DeRorre was honored in a ceremony in Collinsville on June 4, 1956, as “a good Samaritan of the coal fields” at a “Sister Katie Day” sponsored by a group of former Progressive Miners members. A monument in her honor was dedicated in Holy Cross Lutheran Cemetery in Collinsville. The monument, where she and her husband, Joseph DeRorre, are buried, is still maintained by the cemetery.

Before she moved to Collinsville, DeRorre and other activist women opened a lunch kitchen in Du Quoin, IL, for hungry children, and within weeks they were serving 100 to 150 children per day.

She continued opening her home to the hungry and needy after moving to Collinsville. She was noted for serving everyone, regardless of race or religion, during those segregated times.

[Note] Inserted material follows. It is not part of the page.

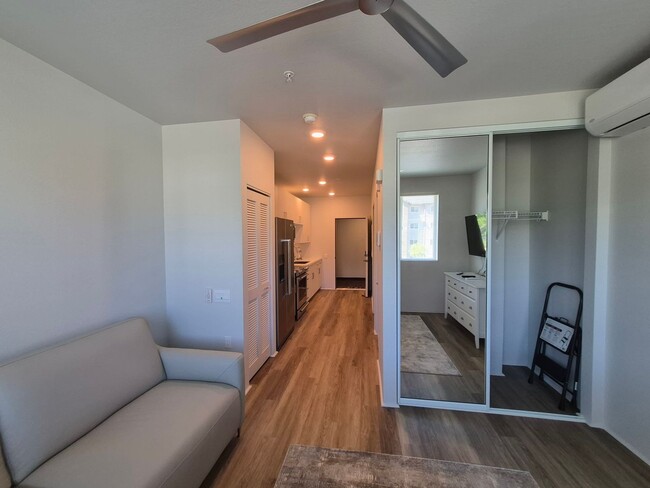 Photo - Newly Built Condo Studio, 1ba, 1pkg 354sqft. for $2300 Unit 9102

CATHERINE MIKUS of Springfield remembers her grandmother’s house as a lively, welcoming place.

DeRorre was quoted in miners’ news publications as telling a rally in Belleville in the late 1930s, “No discriminations are made by the Auxiliary. No matter whether they are American or foreign, Negro or white, children of PMA miners or UMW men, they are treated alike,” at her soup kitchens.

Some of her story was covered in an extensive oral history interview given by her daughter, Catherine DeRorre Mans, to University of Illinois- Springfield researchers; a transcript can be found on-line at

One of DeRorre’s grandchildren, Catherine Mikus of Springfield, IL, attended the event. She said has only vague memories of her activist grandmother, whom she saw only occasionally.

Mikus was 11 years old when DeRorre died. But she said she did remember that her grandmother’s home in Collinsville was always a loud, welcoming place for everyone who wanted to stop by, whenever they wanted to stop by.

“They also had boarders,” she recalled. “Back then, coal miners took in boarders to help pay their bills. They didn’t earn enough at the mines.”

The March 23 event was sponsored by the Italian Cultural Association of Southern Illinois, the Collinsville Historical Museum, the Collinsville Memorial Public Library and the Mother Jones Museum in Mount Olive, IL.

The Blum House was decorated for the program by posters on immigrant women writers created by students of English teacher Amber Robins at Roxana High School.

Mary Harris “Mother Jones,” a much better-known Labor activist, was also celebrated at the event. Originally from Ireland, Mother Jones crusaded throughout the nation for better working conditions. She campaigned for the United Mine Workers, founded the Social Democratic Party and helped establish the Industrial Workers of the World before her death in 1930.

She worked with the Knights of Labor, often giving speeches to inspire the workers during strikes. She helped coal miners in Pennsylvania in 1873 and railroad workers in 1877.

LORETTA WILLIAMS in character as Mother Jones

Mother Jones was portrayed in period clothing at the Collinsville event by Loretta Williams of Jerseyville, IL, who has mastered the Irish accent and fiery speech of the union activist.

Williams, speaking as Mother Jones, said, “A reporter asked me, ‘Where is your home?’ I said, ‘My home is wherever my shoes take me – wherever there is injustice.’

“History repeats itself,” she added. “There are two classes of people. There are the workers and there are the robbers. Which class are you?”

Mother Jones is buried at Union Miners Cemetery in Mount Olive, near the miners for whom she campaigned so tirelessly. A large monument in the cemetery and the museum in the village hall recognize her accomplishments.

The Blum House program also included a recounting of the Triangle Shirtwaist Factory fire in New York City on March 25, 1911. It was the deadliest industrial disaster in the history of the city, and one of the worst in U.S. history. The fire caused the deaths of 146 garment workers – 123 women and 23 men, trapped in the factory by locked doors.

The fire spurred the International Ladies’ Garment Workers Union to mobilize to improve conditions for garment workers. The building that housed the factory was designated a National Historic Landmark and a New York City landmark.